ETRC:第3戦ニュル。大観衆を前に地元シュティフィ・ハルムが1-2で快勝

 トレーラーヘッドたちの祭典、FIA欧州選手権格式のETRCヨーロピアン・トラック・レーシング・チャンピオンシップの第3戦がドイツ・ニュルブルクリンクで開催され、土曜のレース2で地元ドイツ出身のシュティフィ・ハルム(IVECO)が、彼女のチームメイトであるゲルト・コーバーを従え勝利。チーム・シュワーベントラックスのドイツ人ペアが故郷でワン・ツー・フィニッシュを飾った。

 グランドスタンドを埋め尽くす大観衆が見守るなか、土曜レース1に向けたスーパーポールセッションを奪取したのは、スペイン人のアントニオ・アルバセテ(トラックスポーツ・ルッツ・ベルナウ/MAN)となり、昨季最終戦スペイン・ハラマ以来のポールポジションを獲得。
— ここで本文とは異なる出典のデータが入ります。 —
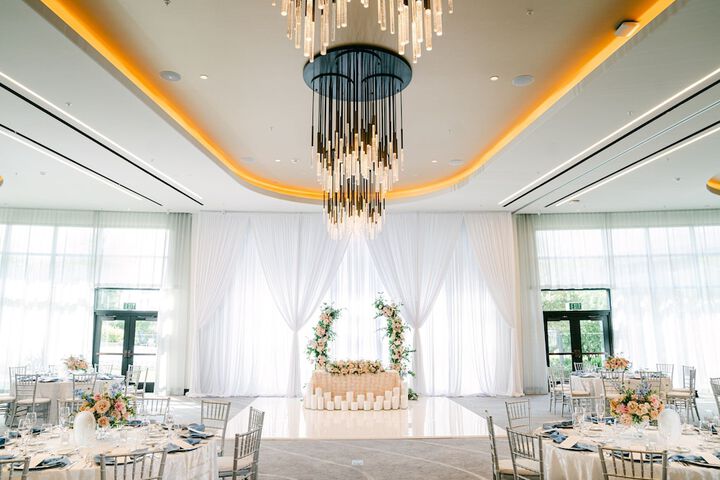 Ballroom/Hall 81 of 88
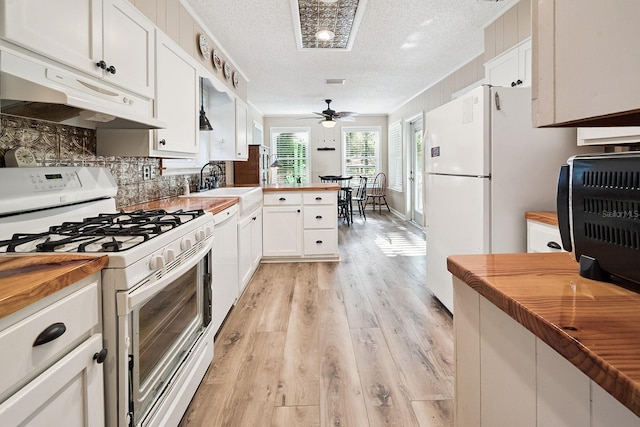 145 SE 904th Ave, Suwannee, FL 32692 - kitchen featuring white appliances, butcher block countertops, under cabinet range hood, a ceiling fan, and light wood-style flooring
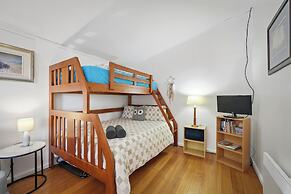 Blossoms on the Bay - 4 Bedrooms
4度の王座獲得経験を持つ“帝王”ヨッヘン・ハーン(ヨッヘン・ハーン・レーシング/IVECO)を0.024差で下し、最前列にトラックを並べた。

 同じくレース1でもタイトなバトルが繰り広げられるなか、ポールシッターのアルバセテは13周にわたり帝王からのプレッシャーに対応。チェッカーフラッグを0.8秒先行してくぐったアルバセテが、母国戦以来となる2018年シーズン初勝利をポール・トゥ・ウインで決め、2位ハーン、3位にノルベルト・キス(タンクプール24レーシング/メルセデス・ベンツ・トラックス)のリザルトとなった。
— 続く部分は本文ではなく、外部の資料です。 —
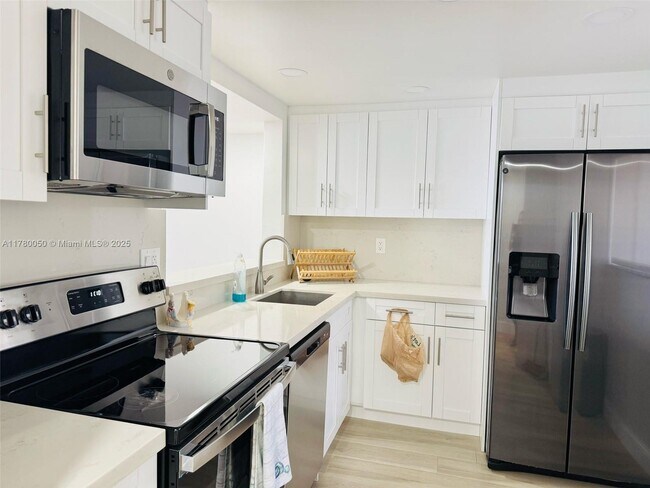 8075 SW 107th Ave in Miami, FL - Building Photo - Building Photo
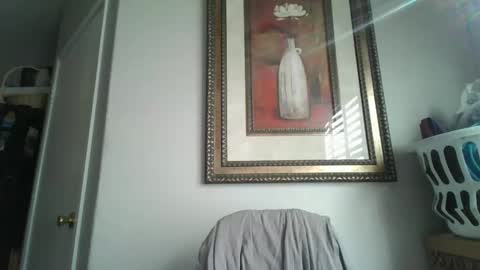 calbry82 online show from November 2025 05:56:01 PM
 続くレース2で先頭集団に躍進したのは、前戦を5位で終えていたハルムで、彼女の新たな相棒であるIVECOは、4周目の時点でリバースポールからスタートしたチームメイトのコーバーをロックオンすると、そのまま首位浮上に成功。

 その背後からは、同じくレース1で4位に入っている現役王者、アダム・ラッコ(バギラ・インターナショナル・レーシング・システム)のフレートライナーがドイツ人デュオに襲いかかり、コーバーはディフェンス役となってハルムを逃す展開に。
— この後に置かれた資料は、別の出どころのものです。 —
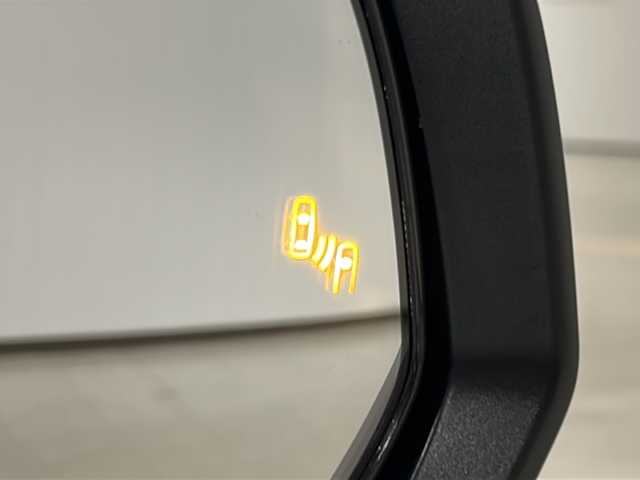 トヨタ カローラ クロス ハイブリッド Z 熊本県 2023(令5)年 1.7万km プラチナホワイトパールマイカ 純正ディスプレイオーディオ/（ラジオ/フルセグ/ＢＴ/Applecarplay)/バックカメラ/ＥＴＣ/前後ドライブレコーダー/レーダークルーズコントロール/パワーバックドア/パワーシート/Ｄ・Ｎ席シートヒーター/ステアリングスイッチ/ハーフレザーシート/オートライト/オートハイビーム/フォグランプ/レーンキープアシスト/衝突軽減システム/横滑り防止装置/ブラインドスポットモニター/前後コーナーセンサー/スマートキー×２/純正フロアマット/純正18インチＡＷ/電動パーキングブレーキ（オートホールド付き）/プッシュスタート/ドアバイザー/ルーフレール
 この時点で、コーバーのIVECOはスタート早々からフロントガラスに異変が生じており、レース終盤にはキャビンに食い込むような形で破損が進行。ドライビングに対して集中力を削がれる状況のなか、ドイツのベテランは渾身のブロックに徹して王者の攻撃を退けると、無事に13周を走破。

 地元ドイツのチームであるシュワーベントラックスがトラックの聖地でワン・ツーを飾り、勝者ハルムは2016年以来となる母国ラウンド勝利を記録。同時に、昨季のMANからスイッチしたIVECOでの初勝利となった。

「チームにとって完璧なレースになったわ。スタートで前方の何台かが動きが鈍ったのを逃さず、前に出られたのが勝因だった」と笑顔で振り返ったハルム。

「前を行くゲルト(・コーバー)とは少し距離があったけど、とにかく懸命にプッシュを続けたの。だってミラーにはチャンピオン(のアダム・ラッコ)が迫ってきているのが見えたからね」

「私はゲルトにアタックすることは考えていなかったけれど、無線で彼の状態(フロントガラスの破損)を聞いてポジションを入れ替えたの。シュワーベントラックスへの移籍後初勝利を、こうしてワン・ツーで飾れて最高の気分よ」

 明けた日曜開催のレース3、レース4は、前日の最終レースでトップ10入りを逃していた“フォータイムス・チャンピオン”のハーンがスーパーポールセッションから意地のスパート。

 予選最速タイムからレース3を制して今季5勝目をマークし、選手権リードを42ポイントにまで拡大。続くレース4は、リバースグリッドの好条件を活かしたアンソニー・ヤニエック(ライオン・トラック・レーシング/MAN)が、ETRC初勝利を飾っている。

 続く2018年シリーズ第4戦は、東欧スロバキアリンクが舞台。7月14~15日開催の同イベントは、急遽週末のスケジュールに組み込まれたTCR規定ツーリングカーの最高峰、WTCR世界ツーリングカー・カップとの併催戦が予定されている。